---------- GIVEN INFORMATION ----------

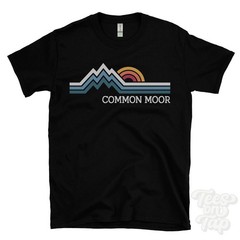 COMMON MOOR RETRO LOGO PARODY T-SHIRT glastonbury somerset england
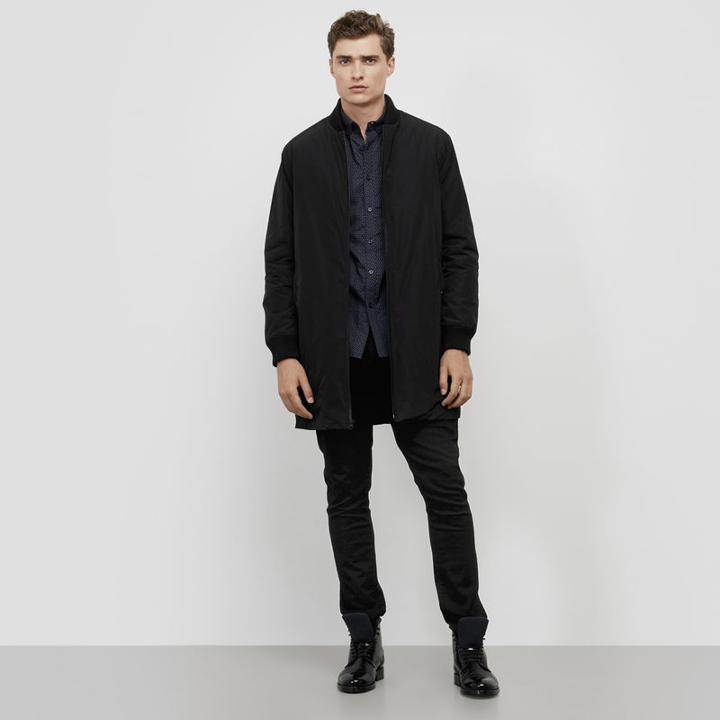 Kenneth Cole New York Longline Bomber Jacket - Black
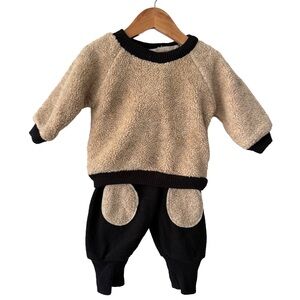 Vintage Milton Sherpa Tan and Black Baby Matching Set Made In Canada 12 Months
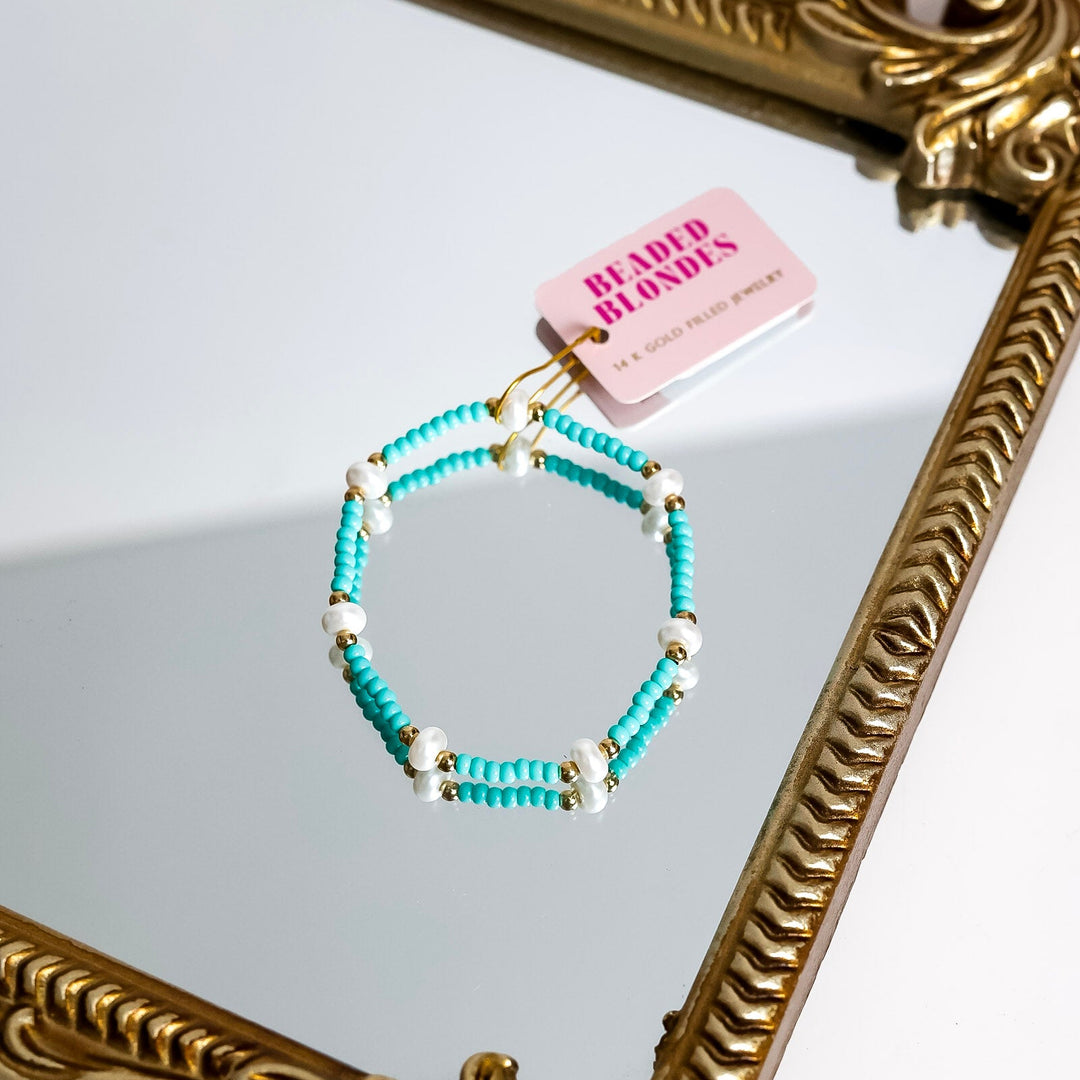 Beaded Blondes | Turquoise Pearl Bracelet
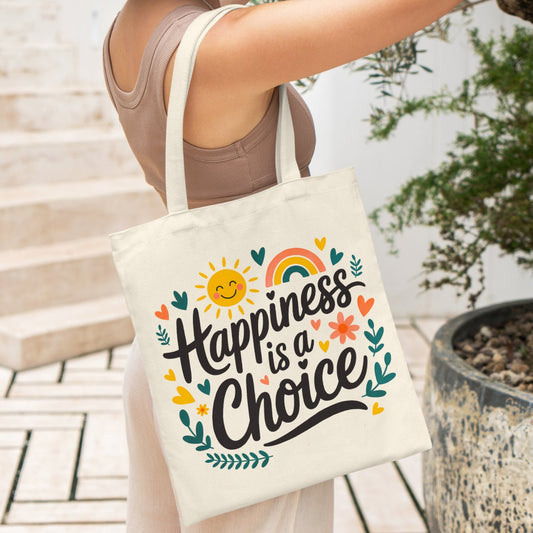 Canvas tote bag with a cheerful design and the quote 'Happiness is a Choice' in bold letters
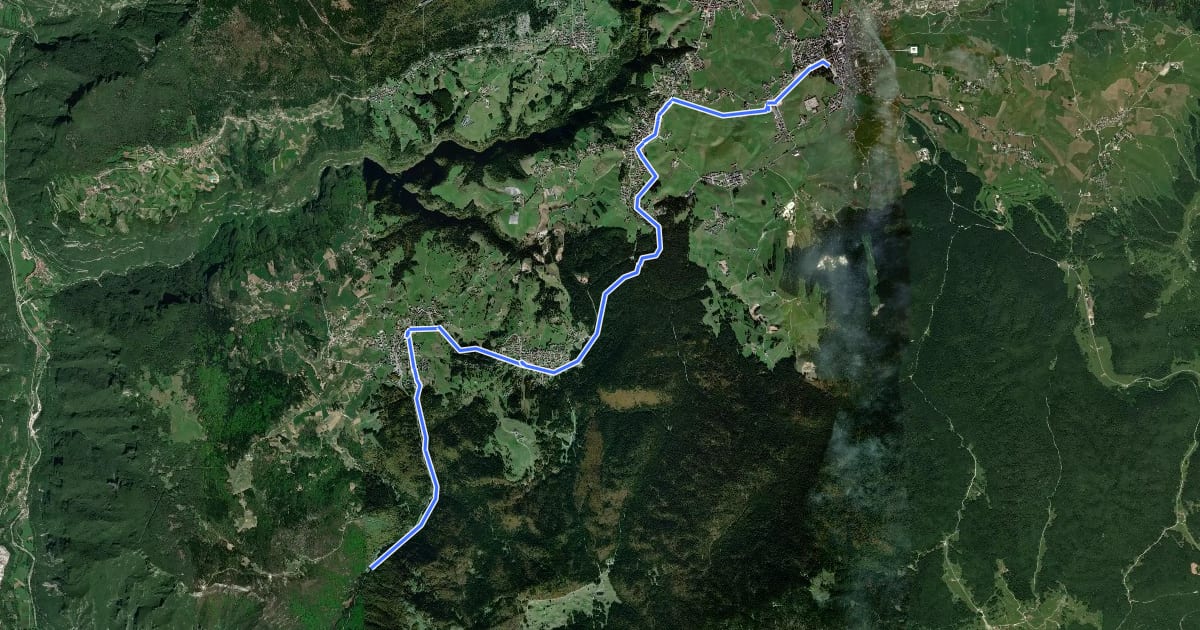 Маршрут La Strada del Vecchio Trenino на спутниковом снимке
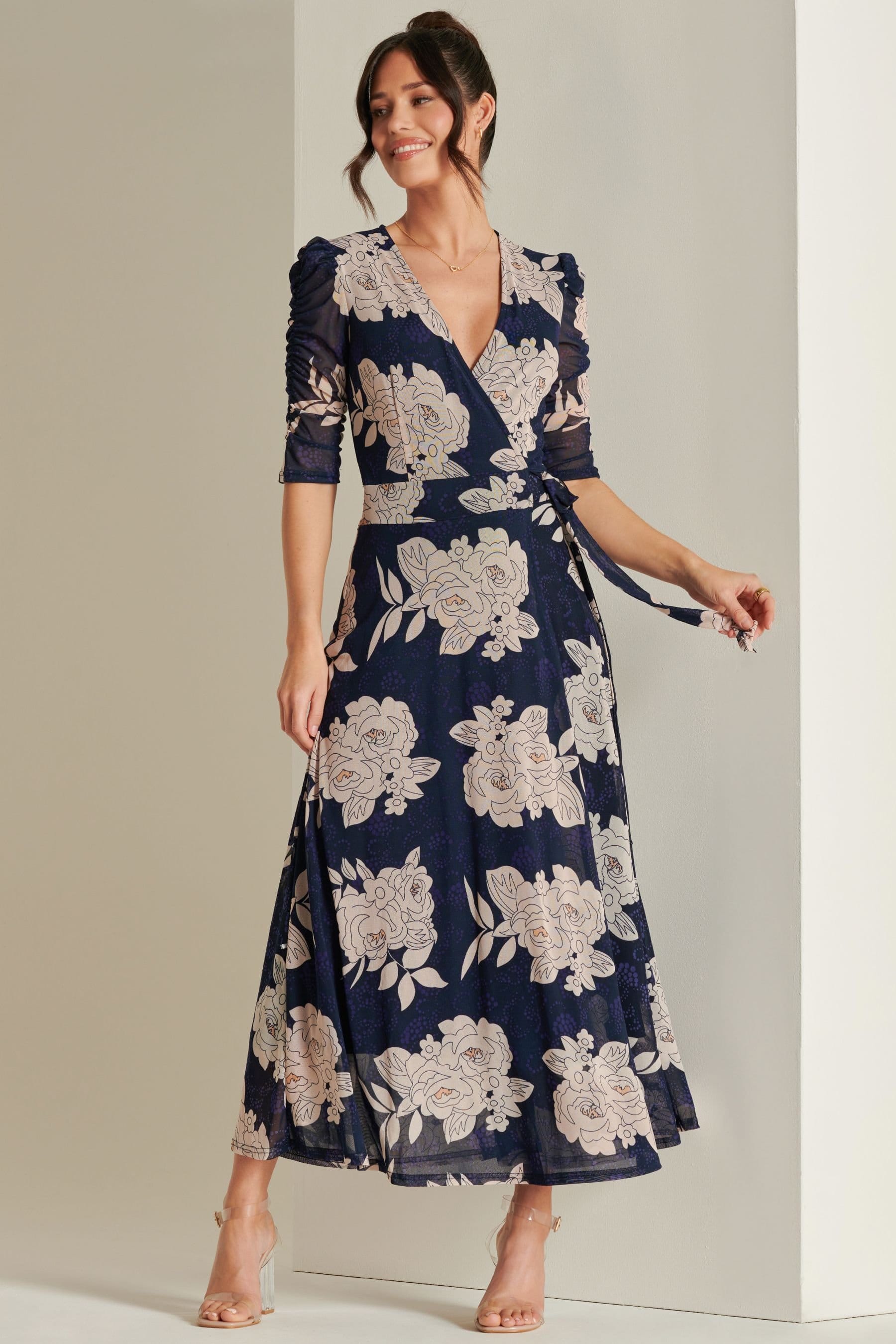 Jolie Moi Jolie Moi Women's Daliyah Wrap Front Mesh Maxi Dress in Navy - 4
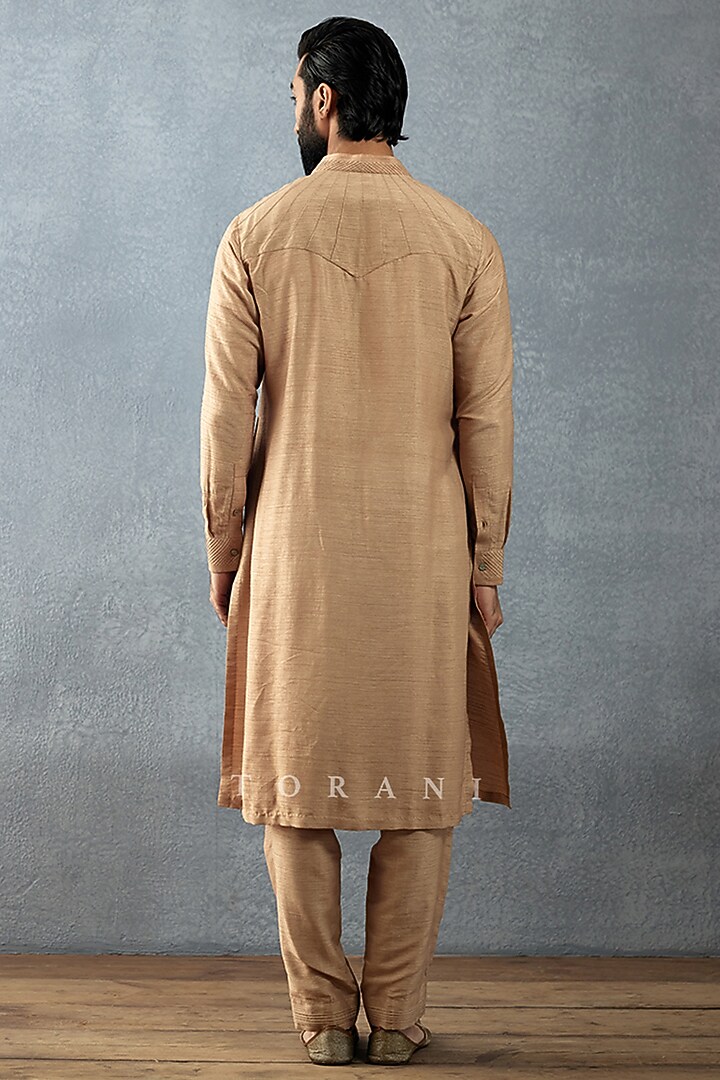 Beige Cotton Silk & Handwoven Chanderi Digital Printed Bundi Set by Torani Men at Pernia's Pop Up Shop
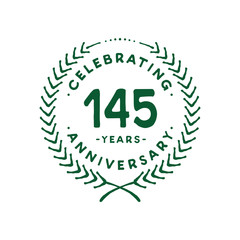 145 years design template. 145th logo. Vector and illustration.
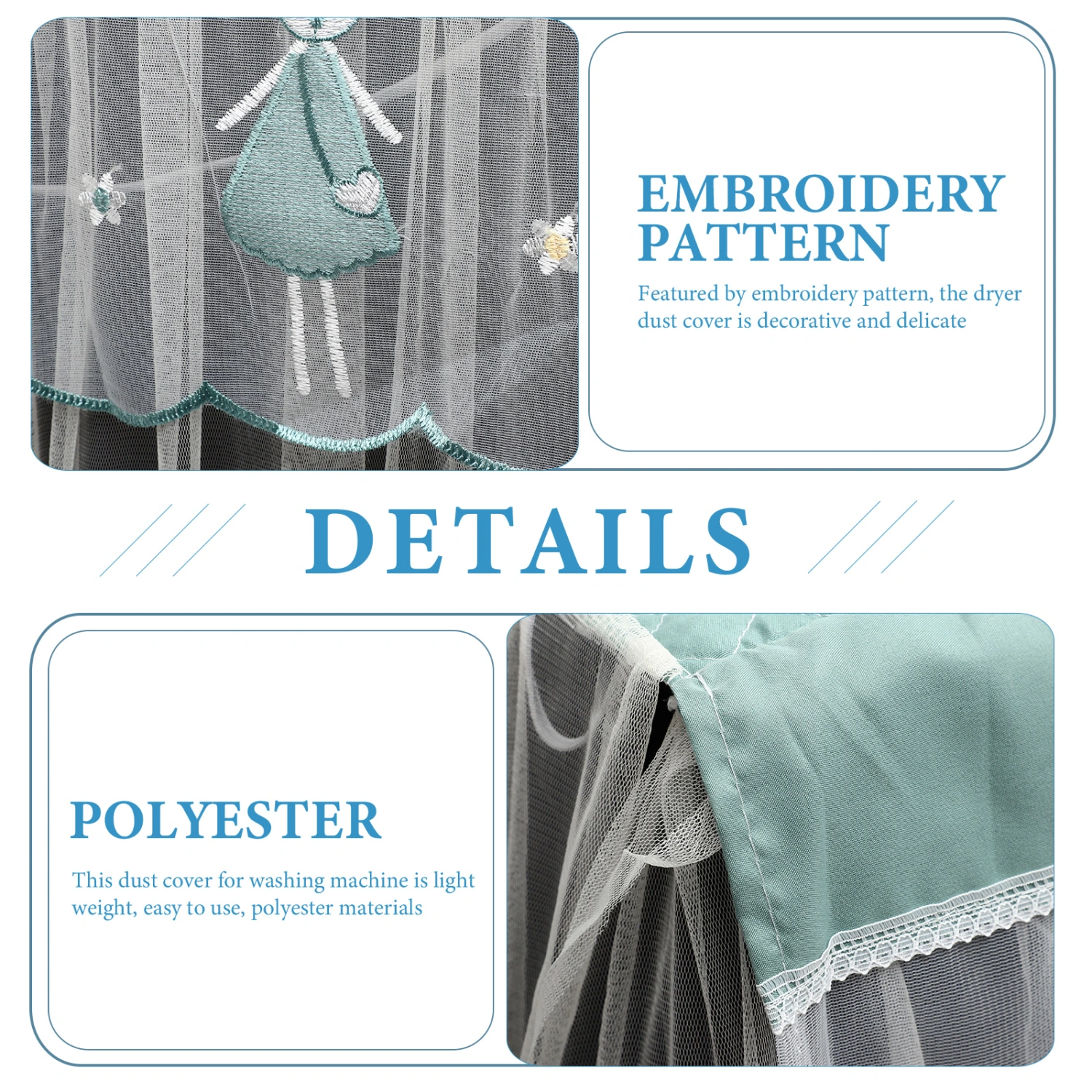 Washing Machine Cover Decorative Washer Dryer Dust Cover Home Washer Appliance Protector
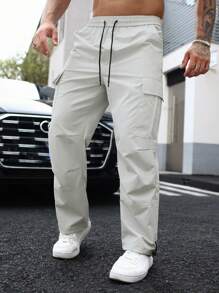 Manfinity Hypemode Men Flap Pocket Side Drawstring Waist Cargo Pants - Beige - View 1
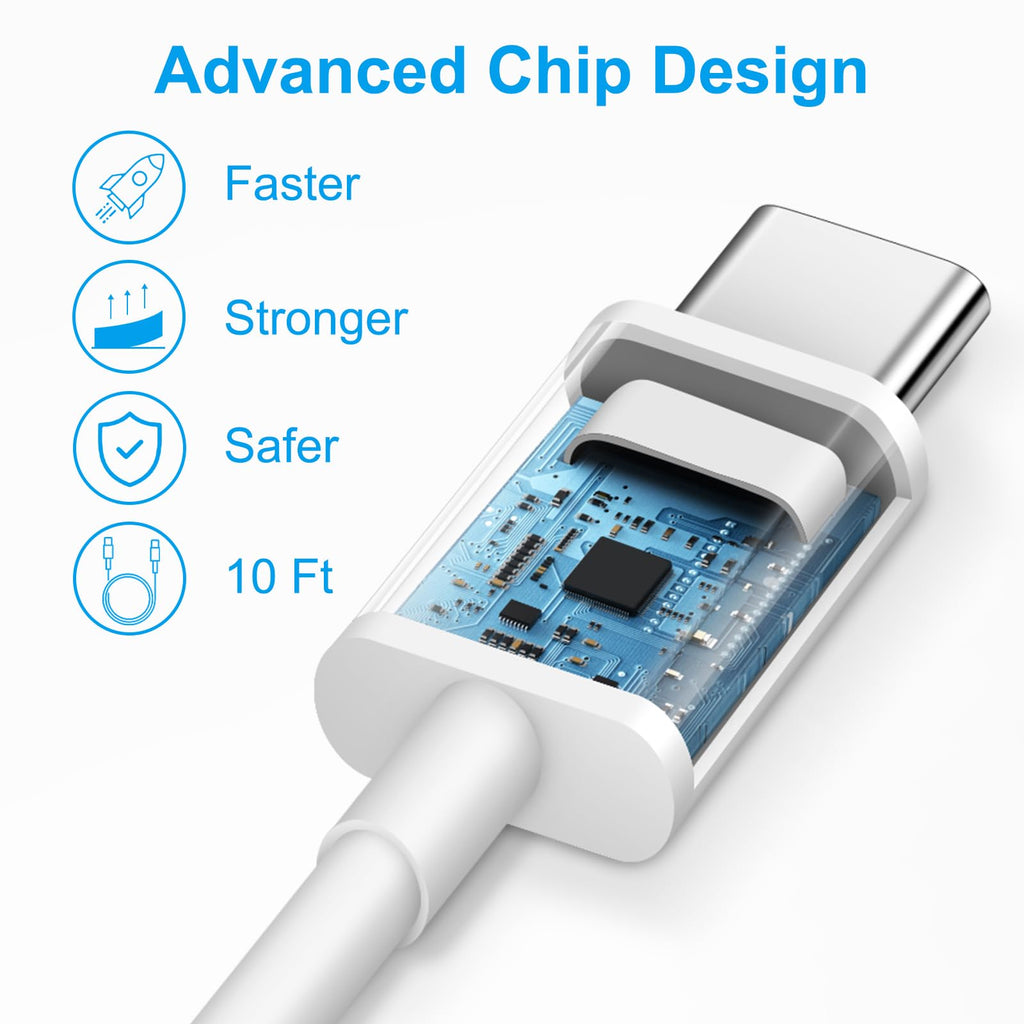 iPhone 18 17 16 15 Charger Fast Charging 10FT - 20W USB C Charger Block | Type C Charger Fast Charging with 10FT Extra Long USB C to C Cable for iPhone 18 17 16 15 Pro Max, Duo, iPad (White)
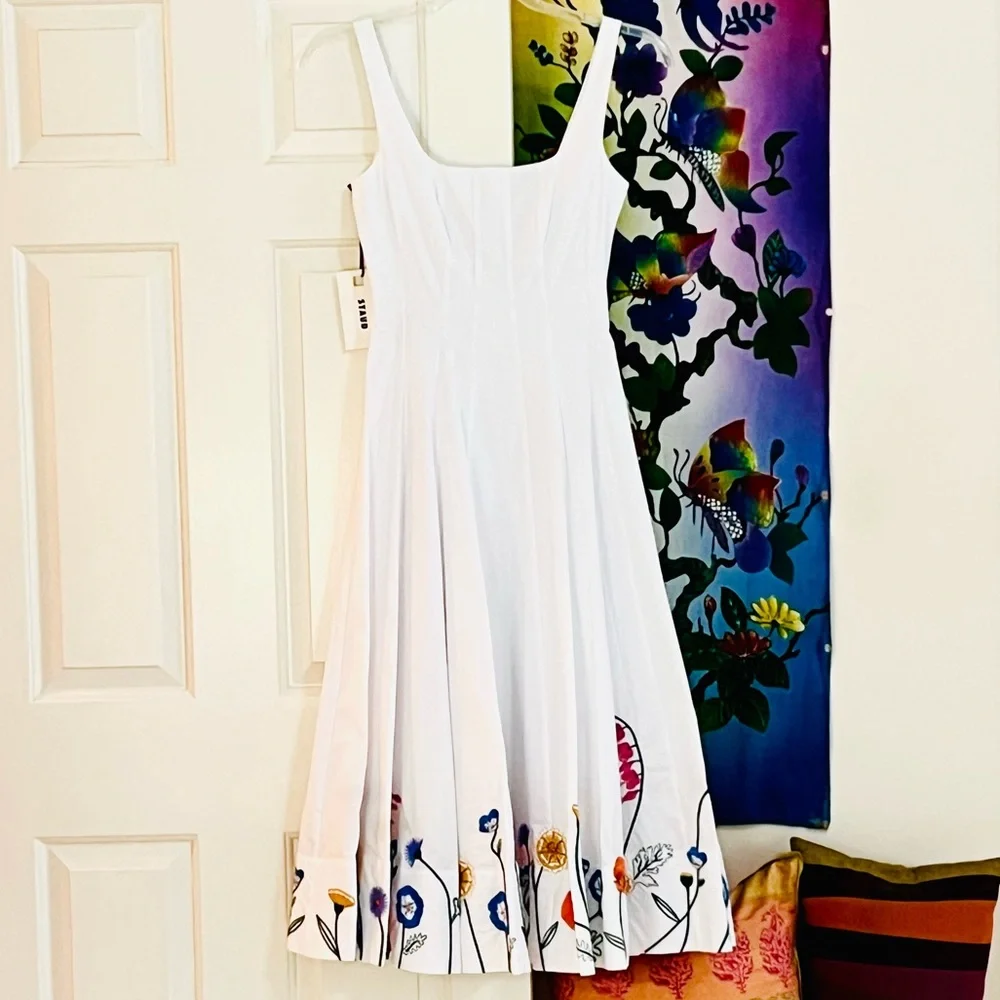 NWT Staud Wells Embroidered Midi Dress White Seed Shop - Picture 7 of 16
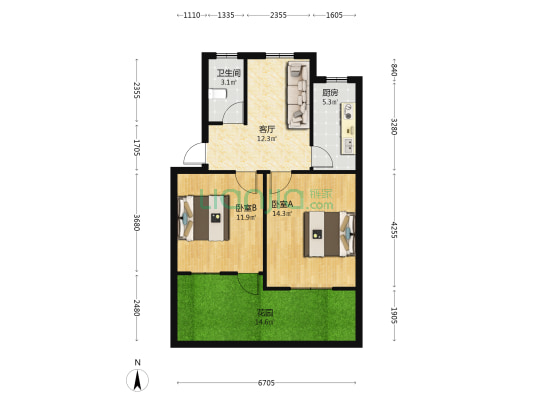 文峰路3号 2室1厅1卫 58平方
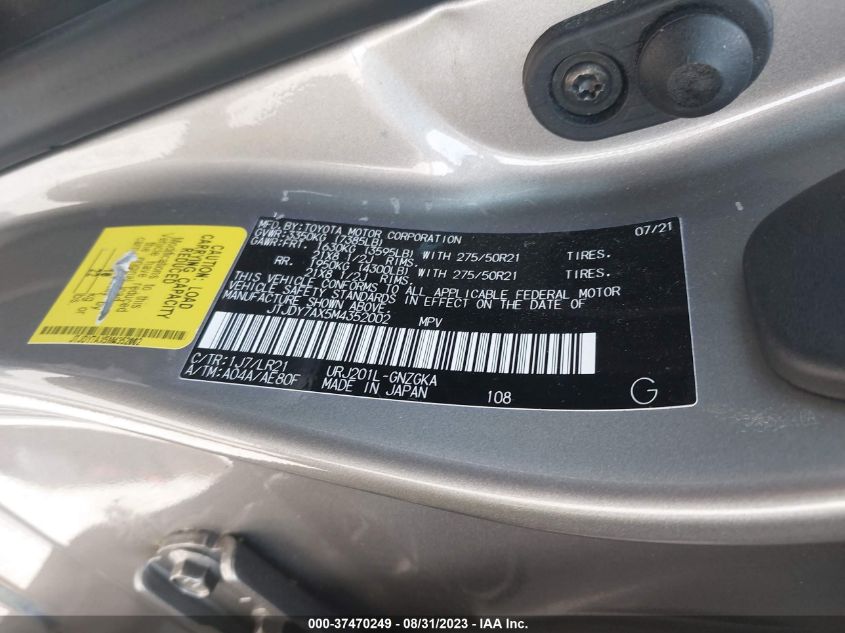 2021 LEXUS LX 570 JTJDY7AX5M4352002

----------

Reproduce each entry exactly, without the pictures.

> [REPLY TO THE TASK]
 COMMON MOOR RETRO LOGO PARODY T-SHIRT glastonbury somerset england
 Kenneth Cole New York Longline Bomber Jacket - Black
 Vintage Milton Sherpa Tan and Black Baby Matching Set Made In Canada 12 Months
 Beaded Blondes | Turquoise Pearl Bracelet
 Canvas tote bag with a cheerful design and the quote 'Happiness is a Choice' in bold letters
 Маршрут La Strada del Vecchio Trenino на спутниковом снимке
 Jolie Moi Jolie Moi Women's Daliyah Wrap Front Mesh Maxi Dress in Navy - 4
 Beige Cotton Silk & Handwoven Chanderi Digital Printed Bundi Set by Torani Men at Pernia's Pop Up Shop
 145 years design template. 145th logo. Vector and illustration.
 Washing Machine Cover Decorative Washer Dryer Dust Cover Home Washer Appliance Protector
 Manfinity Hypemode Men Flap Pocket Side Drawstring Waist Cargo Pants - Beige - View 1
 iPhone 18 17 16 15 Charger Fast Charging 10FT - 20W USB C Charger Block | Type C Charger Fast Charging with 10FT Extra Long USB C to C Cable for iPhone 18 17 16 15 Pro Max, Duo, iPad (White)
 NWT Staud Wells Embroidered Midi Dress White Seed Shop - Picture 7 of 16
 文峰路3号 2室1厅1卫 58平方
 2021 LEXUS LX 570 JTJDY7AX5M4352002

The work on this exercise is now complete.